ACTIVITY: Output only the line that contains "50 Pesetas SPAIN Santander 1936 PS.584(f) VG" and the lines after it, all verbatim, through the last one below.

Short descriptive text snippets
[Start of section]
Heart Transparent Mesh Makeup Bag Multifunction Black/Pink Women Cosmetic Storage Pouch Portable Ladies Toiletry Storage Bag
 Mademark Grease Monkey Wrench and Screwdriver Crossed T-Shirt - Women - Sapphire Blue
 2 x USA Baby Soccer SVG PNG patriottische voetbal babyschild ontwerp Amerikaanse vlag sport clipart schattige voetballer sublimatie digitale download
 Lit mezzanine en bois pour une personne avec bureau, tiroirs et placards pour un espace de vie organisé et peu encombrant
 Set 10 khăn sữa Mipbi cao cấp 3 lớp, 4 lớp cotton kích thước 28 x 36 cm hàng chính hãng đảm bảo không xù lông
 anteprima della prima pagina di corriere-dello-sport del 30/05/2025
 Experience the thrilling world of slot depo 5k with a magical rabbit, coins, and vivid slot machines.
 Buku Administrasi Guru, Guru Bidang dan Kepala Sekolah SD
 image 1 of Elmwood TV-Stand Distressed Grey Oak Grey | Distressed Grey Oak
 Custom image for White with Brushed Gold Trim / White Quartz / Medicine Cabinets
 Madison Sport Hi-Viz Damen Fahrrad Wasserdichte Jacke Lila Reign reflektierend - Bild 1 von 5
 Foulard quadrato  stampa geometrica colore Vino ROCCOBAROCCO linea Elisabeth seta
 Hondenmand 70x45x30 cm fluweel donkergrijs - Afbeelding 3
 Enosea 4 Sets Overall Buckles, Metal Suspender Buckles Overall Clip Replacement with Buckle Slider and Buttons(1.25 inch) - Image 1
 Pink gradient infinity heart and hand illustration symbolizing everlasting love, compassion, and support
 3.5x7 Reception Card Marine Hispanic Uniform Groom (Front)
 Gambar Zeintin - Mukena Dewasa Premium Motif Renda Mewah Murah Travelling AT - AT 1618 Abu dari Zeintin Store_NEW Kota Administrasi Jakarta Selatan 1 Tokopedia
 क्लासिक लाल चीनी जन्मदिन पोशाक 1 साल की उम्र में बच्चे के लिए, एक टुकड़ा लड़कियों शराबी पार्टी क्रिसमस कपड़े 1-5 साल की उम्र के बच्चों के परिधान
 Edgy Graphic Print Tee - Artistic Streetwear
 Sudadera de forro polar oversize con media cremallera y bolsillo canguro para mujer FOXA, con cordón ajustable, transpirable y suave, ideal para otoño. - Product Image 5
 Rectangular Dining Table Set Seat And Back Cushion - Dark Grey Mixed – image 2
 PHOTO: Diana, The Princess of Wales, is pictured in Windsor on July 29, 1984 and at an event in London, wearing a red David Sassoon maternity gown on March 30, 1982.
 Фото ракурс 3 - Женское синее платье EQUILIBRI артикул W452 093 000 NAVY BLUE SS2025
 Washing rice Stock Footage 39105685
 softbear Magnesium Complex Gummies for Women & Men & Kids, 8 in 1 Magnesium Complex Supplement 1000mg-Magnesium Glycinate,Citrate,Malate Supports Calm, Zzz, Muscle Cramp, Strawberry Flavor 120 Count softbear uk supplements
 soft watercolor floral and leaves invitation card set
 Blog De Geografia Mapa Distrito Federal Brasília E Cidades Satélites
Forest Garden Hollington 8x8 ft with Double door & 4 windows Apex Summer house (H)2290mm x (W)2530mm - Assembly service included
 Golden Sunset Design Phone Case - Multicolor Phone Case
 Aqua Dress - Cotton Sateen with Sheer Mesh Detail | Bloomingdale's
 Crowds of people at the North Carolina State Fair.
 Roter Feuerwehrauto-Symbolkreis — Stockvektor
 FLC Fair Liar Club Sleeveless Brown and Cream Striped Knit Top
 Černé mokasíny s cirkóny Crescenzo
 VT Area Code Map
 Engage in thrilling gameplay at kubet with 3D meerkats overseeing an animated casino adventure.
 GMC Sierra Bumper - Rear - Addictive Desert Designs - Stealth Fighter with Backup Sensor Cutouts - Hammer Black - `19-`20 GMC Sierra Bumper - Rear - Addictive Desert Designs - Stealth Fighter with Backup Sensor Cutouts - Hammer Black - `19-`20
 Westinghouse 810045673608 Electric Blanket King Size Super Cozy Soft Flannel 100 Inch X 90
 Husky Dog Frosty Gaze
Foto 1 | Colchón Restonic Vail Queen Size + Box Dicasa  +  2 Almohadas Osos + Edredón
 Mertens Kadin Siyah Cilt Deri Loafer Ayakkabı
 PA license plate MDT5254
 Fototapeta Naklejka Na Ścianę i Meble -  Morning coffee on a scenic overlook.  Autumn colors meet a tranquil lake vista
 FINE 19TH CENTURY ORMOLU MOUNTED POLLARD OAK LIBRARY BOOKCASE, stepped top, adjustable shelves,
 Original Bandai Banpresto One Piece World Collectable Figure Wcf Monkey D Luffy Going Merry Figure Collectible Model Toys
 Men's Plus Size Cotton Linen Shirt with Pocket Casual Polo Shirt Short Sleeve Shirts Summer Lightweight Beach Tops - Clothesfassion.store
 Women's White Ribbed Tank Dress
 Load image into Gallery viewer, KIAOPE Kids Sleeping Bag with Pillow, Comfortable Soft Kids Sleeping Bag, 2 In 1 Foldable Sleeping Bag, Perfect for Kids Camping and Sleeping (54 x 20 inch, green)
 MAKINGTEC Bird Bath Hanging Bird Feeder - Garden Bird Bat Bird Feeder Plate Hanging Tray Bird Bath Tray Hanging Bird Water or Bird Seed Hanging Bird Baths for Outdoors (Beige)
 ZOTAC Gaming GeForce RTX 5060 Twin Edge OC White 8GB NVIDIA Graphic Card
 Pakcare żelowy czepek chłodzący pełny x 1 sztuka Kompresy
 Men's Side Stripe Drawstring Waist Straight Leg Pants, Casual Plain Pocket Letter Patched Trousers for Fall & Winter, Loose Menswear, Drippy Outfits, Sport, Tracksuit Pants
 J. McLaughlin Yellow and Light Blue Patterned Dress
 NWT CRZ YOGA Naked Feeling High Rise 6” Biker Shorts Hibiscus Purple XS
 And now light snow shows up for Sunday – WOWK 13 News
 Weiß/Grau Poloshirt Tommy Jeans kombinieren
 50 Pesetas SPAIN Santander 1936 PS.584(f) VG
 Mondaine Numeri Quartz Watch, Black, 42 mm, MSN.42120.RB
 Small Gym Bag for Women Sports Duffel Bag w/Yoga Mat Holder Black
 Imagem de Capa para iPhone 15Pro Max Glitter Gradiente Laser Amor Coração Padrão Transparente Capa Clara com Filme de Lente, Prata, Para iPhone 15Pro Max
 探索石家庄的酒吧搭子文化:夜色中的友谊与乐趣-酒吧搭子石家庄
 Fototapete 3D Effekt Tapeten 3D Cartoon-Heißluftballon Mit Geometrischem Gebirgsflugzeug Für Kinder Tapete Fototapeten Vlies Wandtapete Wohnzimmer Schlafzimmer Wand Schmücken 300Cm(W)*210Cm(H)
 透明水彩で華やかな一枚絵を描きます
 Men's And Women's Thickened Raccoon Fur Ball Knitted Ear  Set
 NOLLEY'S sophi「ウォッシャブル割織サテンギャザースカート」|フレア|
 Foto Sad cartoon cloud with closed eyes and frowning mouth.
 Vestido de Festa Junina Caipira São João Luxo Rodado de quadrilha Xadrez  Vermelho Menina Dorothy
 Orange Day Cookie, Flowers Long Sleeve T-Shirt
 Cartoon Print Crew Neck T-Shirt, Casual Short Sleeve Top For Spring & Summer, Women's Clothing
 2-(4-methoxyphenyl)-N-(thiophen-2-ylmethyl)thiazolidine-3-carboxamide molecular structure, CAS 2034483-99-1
[End of section]
SOLUTION TO THIS EXERCISE:
 50 Pesetas SPAIN Santander 1936 PS.584(f) VG
 Mondaine Numeri Quartz Watch, Black, 42 mm, MSN.42120.RB
 Small Gym Bag for Women Sports Duffel Bag w/Yoga Mat Holder Black
 Imagem de Capa para iPhone 15Pro Max Glitter Gradiente Laser Amor Coração Padrão Transparente Capa Clara com Filme de Lente, Prata, Para iPhone 15Pro Max
 探索石家庄的酒吧搭子文化:夜色中的友谊与乐趣-酒吧搭子石家庄
 Fototapete 3D Effekt Tapeten 3D Cartoon-Heißluftballon Mit Geometrischem Gebirgsflugzeug Für Kinder Tapete Fototapeten Vlies Wandtapete Wohnzimmer Schlafzimmer Wand Schmücken 300Cm(W)*210Cm(H)
 透明水彩で華やかな一枚絵を描きます
 Men's And Women's Thickened Raccoon Fur Ball Knitted Ear  Set
 NOLLEY'S sophi「ウォッシャブル割織サテンギャザースカート」|フレア|
 Foto Sad cartoon cloud with closed eyes and frowning mouth.
 Vestido de Festa Junina Caipira São João Luxo Rodado de quadrilha Xadrez  Vermelho Menina Dorothy
 Orange Day Cookie, Flowers Long Sleeve T-Shirt
 Cartoon Print Crew Neck T-Shirt, Casual Short Sleeve Top For Spring & Summer, Women's Clothing
 2-(4-methoxyphenyl)-N-(thiophen-2-ylmethyl)thiazolidine-3-carboxamide molecular structure, CAS 2034483-99-1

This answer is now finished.